Post written by Leo Babauta.

The holidays can be tough — especially when you’ve committed to Buy Nothing Until 2013, and everywhere around you there are sales and ads and everyone else shopping.

How is a lonely soul to survive these trying times?

Not to fear. We have the answers, in this handy little survival guide.

Strategy 1: Breathe

The first step is to breathe, and in doing so, to calm down if your heart is beating faster and your gut has an urge to go to Amazon or Gap and buy something. Breathe, and let the urge dissipate.

Breathing is a way of being mindful, which will help us to notice our urges to buy something before we take action and actually shop.

A Note on Necessities

Remember, in the Buy Nothing Until 2013 challenge, it’s actually OK to buy necessities. A number of Twitter commenters seemed to have missed that bit.

It’s perfectly fine to buy groceries, household supplies, and other necessities. So we’re not literally buying nothing.

Sometimes something might be on the border — new underwear when your old underwear is getting a bit threadbare. Is that a necessity? It’s really your call — there are no judges, no one is policing this challenge.

However, one suggestion: if it’s on the border, see if you can do without it for a little longer. Yes, underwear is a necessity, but you can also wear something a bit longer before buying more.

More on doing without in the next section.

Strategy 2: Do Without

After you’ve breathed, and you’re now considering whether you need to buy something because it seems like a necessity (some new jeans, new underwear, a new chair) … pause and see if you can go another month or so without it.

Often the answer is yes. While we might be in the habit of buying something as soon as we think we need it, in days of yore, people would make something last longer by repairing it, or just make do with something a little broken but still usable, or just make do without. And somehow, they survived!

We can do the same. Make do without buying something new, for another month or so. You’ll survive! If it’s more urgent than that, see one of the strategies below.

Strategy 3: Find Gift Alternatives

One of the more difficult aspects of buying nothing during the holiday season is that many people around you will be buying gifts, and you’ll feel obligated to do so too. There are a few ways to deal with that.

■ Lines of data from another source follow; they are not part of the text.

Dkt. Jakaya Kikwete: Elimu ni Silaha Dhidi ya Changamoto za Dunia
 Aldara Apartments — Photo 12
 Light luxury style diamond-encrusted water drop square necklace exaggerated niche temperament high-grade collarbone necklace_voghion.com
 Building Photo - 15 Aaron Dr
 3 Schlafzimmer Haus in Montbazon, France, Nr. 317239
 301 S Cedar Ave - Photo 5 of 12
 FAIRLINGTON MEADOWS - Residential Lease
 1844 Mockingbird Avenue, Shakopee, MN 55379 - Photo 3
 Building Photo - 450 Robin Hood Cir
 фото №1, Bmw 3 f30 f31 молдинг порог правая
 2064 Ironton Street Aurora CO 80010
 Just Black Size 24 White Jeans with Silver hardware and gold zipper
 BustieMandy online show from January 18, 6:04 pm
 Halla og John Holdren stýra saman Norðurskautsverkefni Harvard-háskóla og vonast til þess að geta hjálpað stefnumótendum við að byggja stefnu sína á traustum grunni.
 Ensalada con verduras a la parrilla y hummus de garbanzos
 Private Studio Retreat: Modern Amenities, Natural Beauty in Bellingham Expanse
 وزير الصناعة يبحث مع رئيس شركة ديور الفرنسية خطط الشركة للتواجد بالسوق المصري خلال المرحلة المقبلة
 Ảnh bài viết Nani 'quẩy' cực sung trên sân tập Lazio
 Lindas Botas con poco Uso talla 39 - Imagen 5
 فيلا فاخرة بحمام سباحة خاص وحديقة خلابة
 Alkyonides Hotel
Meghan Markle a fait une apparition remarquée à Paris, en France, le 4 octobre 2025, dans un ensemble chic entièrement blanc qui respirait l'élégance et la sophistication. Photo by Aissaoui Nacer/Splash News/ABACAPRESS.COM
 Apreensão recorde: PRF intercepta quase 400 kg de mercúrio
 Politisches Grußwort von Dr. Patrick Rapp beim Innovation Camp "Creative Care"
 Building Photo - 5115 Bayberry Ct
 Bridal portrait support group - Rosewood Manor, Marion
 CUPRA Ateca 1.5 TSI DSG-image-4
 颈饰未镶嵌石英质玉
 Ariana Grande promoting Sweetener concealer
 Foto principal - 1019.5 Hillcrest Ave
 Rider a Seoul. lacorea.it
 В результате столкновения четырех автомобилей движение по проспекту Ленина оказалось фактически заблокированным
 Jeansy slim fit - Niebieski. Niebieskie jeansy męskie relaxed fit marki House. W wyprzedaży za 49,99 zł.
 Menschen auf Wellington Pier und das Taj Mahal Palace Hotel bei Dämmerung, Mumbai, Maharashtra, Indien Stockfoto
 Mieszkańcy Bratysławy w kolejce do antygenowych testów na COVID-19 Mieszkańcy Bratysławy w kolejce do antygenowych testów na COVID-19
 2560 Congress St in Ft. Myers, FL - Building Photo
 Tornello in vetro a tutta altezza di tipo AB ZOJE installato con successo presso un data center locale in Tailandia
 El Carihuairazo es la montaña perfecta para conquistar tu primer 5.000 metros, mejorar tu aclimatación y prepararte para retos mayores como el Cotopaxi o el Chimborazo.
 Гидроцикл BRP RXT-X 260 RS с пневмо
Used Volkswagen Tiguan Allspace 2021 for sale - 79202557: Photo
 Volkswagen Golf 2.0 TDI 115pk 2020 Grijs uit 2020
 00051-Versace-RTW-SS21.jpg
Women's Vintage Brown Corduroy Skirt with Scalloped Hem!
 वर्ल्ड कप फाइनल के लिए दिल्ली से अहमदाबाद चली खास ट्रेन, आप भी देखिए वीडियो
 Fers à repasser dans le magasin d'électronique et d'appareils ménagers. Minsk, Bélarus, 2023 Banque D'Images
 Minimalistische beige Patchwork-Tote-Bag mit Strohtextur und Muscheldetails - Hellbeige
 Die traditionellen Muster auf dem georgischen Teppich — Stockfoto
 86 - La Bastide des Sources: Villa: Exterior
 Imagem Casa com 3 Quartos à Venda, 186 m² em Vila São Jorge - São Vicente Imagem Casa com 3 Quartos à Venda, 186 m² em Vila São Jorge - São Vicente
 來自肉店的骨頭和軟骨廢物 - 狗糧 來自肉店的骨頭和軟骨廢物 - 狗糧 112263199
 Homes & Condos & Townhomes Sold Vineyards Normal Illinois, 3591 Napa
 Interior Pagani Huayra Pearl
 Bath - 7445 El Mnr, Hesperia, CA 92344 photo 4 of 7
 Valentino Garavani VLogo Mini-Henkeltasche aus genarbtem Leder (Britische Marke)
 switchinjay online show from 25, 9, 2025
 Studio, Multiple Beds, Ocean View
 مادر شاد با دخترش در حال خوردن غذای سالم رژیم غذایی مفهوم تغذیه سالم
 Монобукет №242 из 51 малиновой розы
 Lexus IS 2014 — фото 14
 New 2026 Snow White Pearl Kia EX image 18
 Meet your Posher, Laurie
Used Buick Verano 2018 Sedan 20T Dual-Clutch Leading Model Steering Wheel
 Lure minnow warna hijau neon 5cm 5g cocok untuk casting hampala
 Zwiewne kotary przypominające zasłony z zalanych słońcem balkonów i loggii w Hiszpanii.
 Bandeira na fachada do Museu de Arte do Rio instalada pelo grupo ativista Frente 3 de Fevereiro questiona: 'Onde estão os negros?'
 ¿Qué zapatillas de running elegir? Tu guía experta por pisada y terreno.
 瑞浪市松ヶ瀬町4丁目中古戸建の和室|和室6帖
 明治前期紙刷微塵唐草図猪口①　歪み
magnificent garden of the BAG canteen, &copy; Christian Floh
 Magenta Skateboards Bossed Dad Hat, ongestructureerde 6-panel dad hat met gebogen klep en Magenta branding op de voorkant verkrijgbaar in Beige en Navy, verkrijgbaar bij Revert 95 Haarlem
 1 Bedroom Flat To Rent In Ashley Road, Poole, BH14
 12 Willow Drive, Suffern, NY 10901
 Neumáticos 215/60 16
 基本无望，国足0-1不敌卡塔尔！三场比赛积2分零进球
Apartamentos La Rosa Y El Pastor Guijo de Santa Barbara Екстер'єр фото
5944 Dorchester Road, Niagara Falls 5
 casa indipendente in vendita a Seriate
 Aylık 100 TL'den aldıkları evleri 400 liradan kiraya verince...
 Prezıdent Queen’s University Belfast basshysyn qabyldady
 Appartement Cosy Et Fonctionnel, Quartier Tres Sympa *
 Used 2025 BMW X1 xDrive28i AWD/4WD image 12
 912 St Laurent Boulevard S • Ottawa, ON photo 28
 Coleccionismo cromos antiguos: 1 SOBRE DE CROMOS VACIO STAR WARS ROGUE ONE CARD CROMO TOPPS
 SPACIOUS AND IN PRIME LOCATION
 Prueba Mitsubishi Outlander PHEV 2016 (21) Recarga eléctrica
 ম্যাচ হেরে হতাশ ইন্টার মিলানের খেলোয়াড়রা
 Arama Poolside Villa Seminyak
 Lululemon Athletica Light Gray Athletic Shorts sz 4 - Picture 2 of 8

First, what we do (and have for a few years now) is talk to our family and friends, and let them know that we’re not doing gifts this year. While they might think that’s a bit weird at first, it brings up a conversation where you can explain why — getting away from consumerism, saving money and getting out of debt, using fewer resources, and so on. Actually, just refer them to the Buy Nothing Until 2013 article. Most likely, they’ll understand, and some people will join you.

But if you’re worried about being left out when everyone else is exchanging gifts, you can make gifts. You can bake cookies or brownies or pumpkin cake, and wrap them as gifts. If you’re good with woodwork or crafts or sewing, you can make something with your hands. You can do nice things like wash someone’s car or babysit or build a website for them. One year I made a website devoted to my wife as a gift.

Read more: The Case Against Buying Christmas Presents and Kids Who Are Gift-less are Gifted.

Strategy 4: Unsubscribe From Catalogs, Ignore Ads

Ads are meant to get us to buy things, and they can be very effective. This is one reason I don’t watch cable TV (and haven’t for many years) — the ads are such strong influences on what we buy, and I don’t want my kids influenced by all that.

You can reduce your exposure to drool-inducing ads by unsubscribing from anything that comes into your inbox or Facebook or Twitter feed that advertises anything. If a company sends you a catalog or newsletter that tries to get you to buy something, simply unsubscribe. Your life will be fine without them.

You can stop watching cable TV, or use DVR to skip ads. You can use an ad blocker to skip many ads on websites.

Strategy 5: Don’t Go to Shopping Areas

Shopping areas are designed to get you to buy things, and it inevitably works. Don’t go to a shopping mall, or Walmart or Target or whatever your favorite box store is.

Also, don’t go to Amazon. There’s nothing there that you need — at least for the next month. Don’t go to your other favorite websites for shopping. At least until January.

Strategy 6: Borrow

If you decide you absolutely can’t go without, see if you can borrow it instead of buying. Many times, a friend or family member has a drill or a winter coat they’re not using right now, and they won’t mind sparing it.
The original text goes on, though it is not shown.